- Citizenship: British
- Education: University of Cambridge
- Occupation: Aerodynamics engineer
- Employer: PhysicsX
- Title: Delivery consultant

= David Wheater (engineer) =

British engineer

David Wheater is a British Formula One and aerodynamics engineer. He is currently working as a consultant for PhysicsX and previously served as Technical Director - Aerodynamics and Head of Aerodynamics for Alpine F1 Team and Williams Racing respectively.

==Career==
Wheater began his motorsport career after graduating in Aeronautical Engineering from the University of Cambridge, joining the Enstone-based Benetton Formula in 2000 as an Aerodynamicist. After the team transitioned into Renault F1 Team, Wheater was promoted to Aerodynamics Team Leader in 2003 working on one of two aerodynamic development groups alongside Nicolas Hennel. He played a key role in the team's aerodynamic development during its championship-winning period in the mid-2000s. In 2006, Wheater was promoted Deputy Head of Aerodynamics, a position he held until 2013, overseeing major aerodynamic programmes and the integration of wind tunnel and CFD development across the team.

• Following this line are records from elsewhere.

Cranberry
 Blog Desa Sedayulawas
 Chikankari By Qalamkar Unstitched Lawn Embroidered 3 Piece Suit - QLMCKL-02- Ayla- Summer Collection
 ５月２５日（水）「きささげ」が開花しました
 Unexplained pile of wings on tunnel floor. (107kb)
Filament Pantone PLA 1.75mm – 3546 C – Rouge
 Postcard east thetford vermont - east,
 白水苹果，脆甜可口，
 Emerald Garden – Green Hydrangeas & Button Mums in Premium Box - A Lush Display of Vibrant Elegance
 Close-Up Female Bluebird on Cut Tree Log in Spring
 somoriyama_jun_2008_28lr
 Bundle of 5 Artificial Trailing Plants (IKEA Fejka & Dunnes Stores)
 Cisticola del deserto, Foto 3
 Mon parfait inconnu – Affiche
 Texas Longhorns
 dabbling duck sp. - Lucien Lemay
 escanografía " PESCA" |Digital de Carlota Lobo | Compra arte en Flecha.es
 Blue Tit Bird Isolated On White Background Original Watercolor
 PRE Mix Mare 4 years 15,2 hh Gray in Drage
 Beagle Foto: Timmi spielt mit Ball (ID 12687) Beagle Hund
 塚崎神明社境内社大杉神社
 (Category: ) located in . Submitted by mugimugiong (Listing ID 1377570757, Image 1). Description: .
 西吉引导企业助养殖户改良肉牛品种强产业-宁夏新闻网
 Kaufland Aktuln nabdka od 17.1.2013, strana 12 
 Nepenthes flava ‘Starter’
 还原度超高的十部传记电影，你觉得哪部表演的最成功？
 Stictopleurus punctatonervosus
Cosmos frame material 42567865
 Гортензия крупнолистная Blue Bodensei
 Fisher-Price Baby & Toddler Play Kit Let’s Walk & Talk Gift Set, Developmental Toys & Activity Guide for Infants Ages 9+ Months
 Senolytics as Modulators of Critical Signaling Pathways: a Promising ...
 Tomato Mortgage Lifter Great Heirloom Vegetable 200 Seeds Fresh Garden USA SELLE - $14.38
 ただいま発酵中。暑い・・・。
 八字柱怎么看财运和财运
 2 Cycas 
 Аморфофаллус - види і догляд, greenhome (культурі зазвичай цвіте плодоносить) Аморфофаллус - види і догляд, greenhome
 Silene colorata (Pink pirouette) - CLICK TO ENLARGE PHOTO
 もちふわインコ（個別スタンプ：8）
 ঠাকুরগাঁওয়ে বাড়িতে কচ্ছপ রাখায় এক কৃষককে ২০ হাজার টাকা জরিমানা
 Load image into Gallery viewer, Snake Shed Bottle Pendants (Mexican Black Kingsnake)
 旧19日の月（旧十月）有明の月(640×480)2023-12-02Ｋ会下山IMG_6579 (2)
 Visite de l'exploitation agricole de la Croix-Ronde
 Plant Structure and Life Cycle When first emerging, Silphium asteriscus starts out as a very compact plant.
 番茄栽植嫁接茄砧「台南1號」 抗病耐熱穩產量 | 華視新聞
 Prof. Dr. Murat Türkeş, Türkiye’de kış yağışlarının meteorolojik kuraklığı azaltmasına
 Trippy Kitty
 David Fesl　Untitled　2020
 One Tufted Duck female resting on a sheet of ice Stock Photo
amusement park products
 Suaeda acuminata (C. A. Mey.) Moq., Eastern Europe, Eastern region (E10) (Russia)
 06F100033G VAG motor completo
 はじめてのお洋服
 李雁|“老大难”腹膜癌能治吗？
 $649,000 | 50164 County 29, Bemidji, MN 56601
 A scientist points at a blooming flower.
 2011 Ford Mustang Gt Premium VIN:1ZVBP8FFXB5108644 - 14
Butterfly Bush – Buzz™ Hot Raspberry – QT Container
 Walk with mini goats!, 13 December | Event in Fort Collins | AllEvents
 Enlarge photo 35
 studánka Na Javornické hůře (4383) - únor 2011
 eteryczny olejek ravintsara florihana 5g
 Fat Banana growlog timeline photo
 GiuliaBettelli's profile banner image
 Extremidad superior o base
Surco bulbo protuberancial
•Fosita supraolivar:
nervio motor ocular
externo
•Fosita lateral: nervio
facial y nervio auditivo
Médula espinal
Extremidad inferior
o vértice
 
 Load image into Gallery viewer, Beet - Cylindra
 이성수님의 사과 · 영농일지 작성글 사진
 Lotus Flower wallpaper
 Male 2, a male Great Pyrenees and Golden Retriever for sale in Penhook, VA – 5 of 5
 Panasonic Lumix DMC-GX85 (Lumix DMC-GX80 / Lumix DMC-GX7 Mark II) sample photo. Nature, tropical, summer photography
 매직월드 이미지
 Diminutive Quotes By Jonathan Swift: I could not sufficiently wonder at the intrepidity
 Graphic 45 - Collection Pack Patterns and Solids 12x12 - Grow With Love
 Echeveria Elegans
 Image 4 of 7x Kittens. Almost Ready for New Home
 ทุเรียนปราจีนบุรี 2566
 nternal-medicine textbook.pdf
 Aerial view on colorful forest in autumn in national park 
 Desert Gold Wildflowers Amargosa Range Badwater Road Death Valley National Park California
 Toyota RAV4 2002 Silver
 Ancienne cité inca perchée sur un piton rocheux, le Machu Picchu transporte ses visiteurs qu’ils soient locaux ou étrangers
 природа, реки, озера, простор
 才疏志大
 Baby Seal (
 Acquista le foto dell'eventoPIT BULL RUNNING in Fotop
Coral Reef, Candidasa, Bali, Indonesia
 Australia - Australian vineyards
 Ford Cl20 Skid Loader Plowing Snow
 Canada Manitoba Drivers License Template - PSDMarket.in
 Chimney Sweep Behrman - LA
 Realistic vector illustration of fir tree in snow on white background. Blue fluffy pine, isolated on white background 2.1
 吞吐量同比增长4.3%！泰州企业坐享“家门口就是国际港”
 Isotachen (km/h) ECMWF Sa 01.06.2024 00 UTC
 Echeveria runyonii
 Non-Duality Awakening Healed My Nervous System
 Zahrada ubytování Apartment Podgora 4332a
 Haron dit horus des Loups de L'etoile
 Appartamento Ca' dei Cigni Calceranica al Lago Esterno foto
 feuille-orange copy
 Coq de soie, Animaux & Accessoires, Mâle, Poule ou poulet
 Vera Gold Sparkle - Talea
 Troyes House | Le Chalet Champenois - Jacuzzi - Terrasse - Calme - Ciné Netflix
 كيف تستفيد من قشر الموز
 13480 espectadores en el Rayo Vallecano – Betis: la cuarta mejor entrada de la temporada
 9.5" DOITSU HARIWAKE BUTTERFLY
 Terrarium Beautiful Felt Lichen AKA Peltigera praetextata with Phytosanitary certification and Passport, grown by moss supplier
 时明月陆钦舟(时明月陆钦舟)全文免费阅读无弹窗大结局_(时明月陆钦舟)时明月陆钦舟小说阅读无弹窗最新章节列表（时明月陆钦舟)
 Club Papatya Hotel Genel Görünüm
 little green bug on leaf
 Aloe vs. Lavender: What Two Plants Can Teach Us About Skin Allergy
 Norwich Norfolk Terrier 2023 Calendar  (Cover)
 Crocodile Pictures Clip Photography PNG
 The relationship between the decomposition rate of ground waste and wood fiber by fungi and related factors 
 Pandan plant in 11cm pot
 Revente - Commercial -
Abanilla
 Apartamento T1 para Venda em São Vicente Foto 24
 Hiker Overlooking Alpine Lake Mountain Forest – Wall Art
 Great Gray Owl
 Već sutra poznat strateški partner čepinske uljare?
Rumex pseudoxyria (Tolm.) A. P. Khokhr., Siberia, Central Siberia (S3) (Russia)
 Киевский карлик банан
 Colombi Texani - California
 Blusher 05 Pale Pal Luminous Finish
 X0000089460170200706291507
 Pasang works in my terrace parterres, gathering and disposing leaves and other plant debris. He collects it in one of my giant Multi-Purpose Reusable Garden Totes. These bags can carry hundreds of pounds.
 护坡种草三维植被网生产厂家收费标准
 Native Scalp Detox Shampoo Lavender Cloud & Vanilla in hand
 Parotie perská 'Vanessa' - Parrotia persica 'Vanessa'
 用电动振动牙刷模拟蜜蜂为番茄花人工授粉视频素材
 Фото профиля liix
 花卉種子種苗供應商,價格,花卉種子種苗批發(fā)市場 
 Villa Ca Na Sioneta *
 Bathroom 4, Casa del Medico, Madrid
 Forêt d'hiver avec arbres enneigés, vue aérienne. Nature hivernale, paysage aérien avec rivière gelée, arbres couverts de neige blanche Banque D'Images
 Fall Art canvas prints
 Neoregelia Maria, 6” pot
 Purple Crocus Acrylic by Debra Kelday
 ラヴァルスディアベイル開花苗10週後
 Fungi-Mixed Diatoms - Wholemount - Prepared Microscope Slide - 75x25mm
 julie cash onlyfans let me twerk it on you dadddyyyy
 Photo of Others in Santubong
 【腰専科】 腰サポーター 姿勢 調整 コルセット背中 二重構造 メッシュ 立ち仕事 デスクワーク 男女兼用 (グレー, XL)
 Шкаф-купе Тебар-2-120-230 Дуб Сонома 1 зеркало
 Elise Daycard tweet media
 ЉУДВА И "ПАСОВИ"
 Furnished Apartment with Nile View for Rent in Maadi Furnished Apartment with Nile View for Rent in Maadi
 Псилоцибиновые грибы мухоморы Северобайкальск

Seeking a new challenge, Wheater later joined Williams Racing in December 2013 as Head of Aerodynamic Performance. In 2018, he was promoted to Aerodynamics Director, leading the department through a period of organisational restructuring, new ownership, and significant technical investment. He remained in the role until January 2023, having spent over nine years with the team.

In September 2023, Wheater joined Alpine F1 Team as Principal Aerodynamicist, before being promoted to Technical Director – Aerodynamics in March 2024. In August 2025, he moved to PhysicsX, a technology company specialising in AI-driven engineering and simulation.